Çevremizdeki herkese acaba korkusuyla bakıyor, meyve ve sebzeleri iyi yıkama uğruna neredeyse örseliyoruz. Ellerimizi yıkıyor, dönüp bir kez daha yıkıyoruz.
Büyük devlet olmuş, modern silahlarla donatılmışsınız hiçbir şeyin  gözle görülmeyen bu gizli düşman karşısında bu gün için önemi yok.
Üstelik bu bilinmeyen düşman dil, din, ırk, cinsiyet, ülke, zengin, yoksul ayırımı yapmadan saldırıyor. Bu adam çok ünlü bir insan, şu adam başbakan buna dokunmayayım demiyor.
Salgından önce o kadar ben merkezli yaşayıp günümüzü tüketen insanlar toplumu haline gelmiştik ki, bu arada gerçek anlamda insan olmayı, ahlakı, vicdanı, paylaşımı neredeyse unutmuştuk.
Kendi sosyal örf ve adetlerimizden uzaklaştıkça adeta canavarlaşmıştık.
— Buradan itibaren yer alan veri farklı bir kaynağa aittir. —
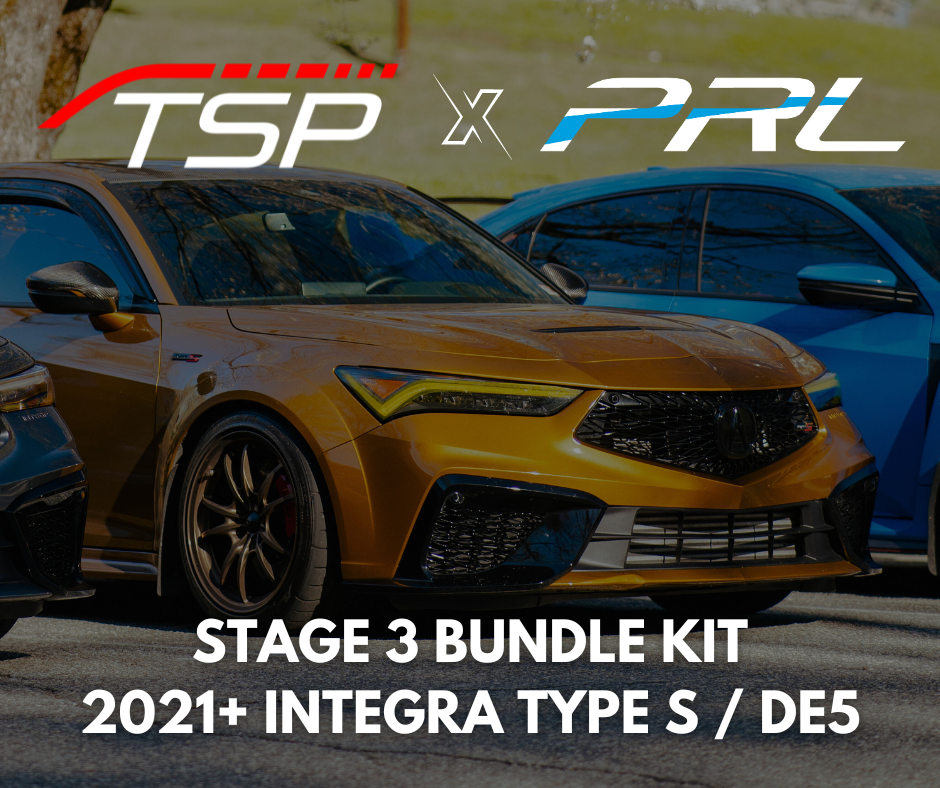 TSP x PRL Stage 3 Bundle Kit for 2024+ Acura Integra Type S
Teknoloji geliştikçe insan gibi davranmayı geri plana ittik adeta.
İşte bunun bir örneği.
''Arada bir uyanır yine kurcalarım diye geceleri yatakta bile elimizden düşürmediğimiz son model pahalı
cep telefonu bağımlılığımız...''
Birçoğumuz anne baba olarak çocuklarımızı kurstan kursa koşturmayı, pahalı oyuncaklar, giysiler almayı asıl görevimiz sanıp  onlara sevgi, saygı ve insanlık öğretmeyi unuttu. Şimdi onlar da sizlere karşı saygısızlığı ve bencilliği bir had bildirme olarak kullanıyorlar.
Çoğumuzun evlerde kaldığı şu günlerde bunu bir tutukluluk olarak kabul etme yerine kendimize dönme, içsel sorgulama ve düşünme zamanı olarak değerlendirmeliyiz.
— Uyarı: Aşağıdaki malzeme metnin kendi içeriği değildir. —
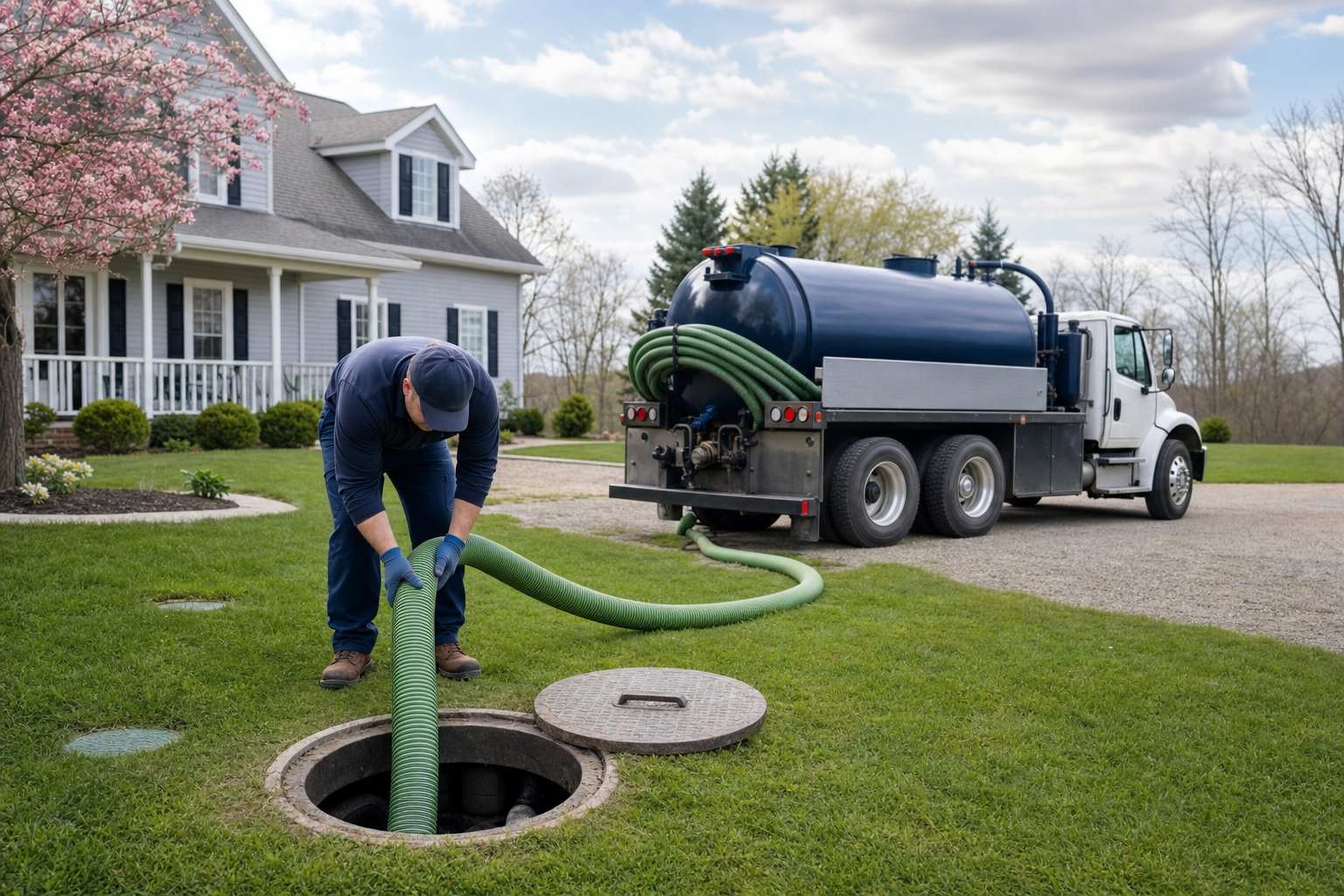 Local septic service information and service options in Delaware OH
Ben şimdiye kadar neler başardım? Başaramadıklarım neler? Ülkem için yapabileceklerimi yaptım mı? sorularını sormalıyız.
Zor bir insanlık sınavından geçtiğimiz kesin. Bu aşamada belki de insanca yaşamayı öğrenir ve bunu topluma yaymayı başarabiliriz.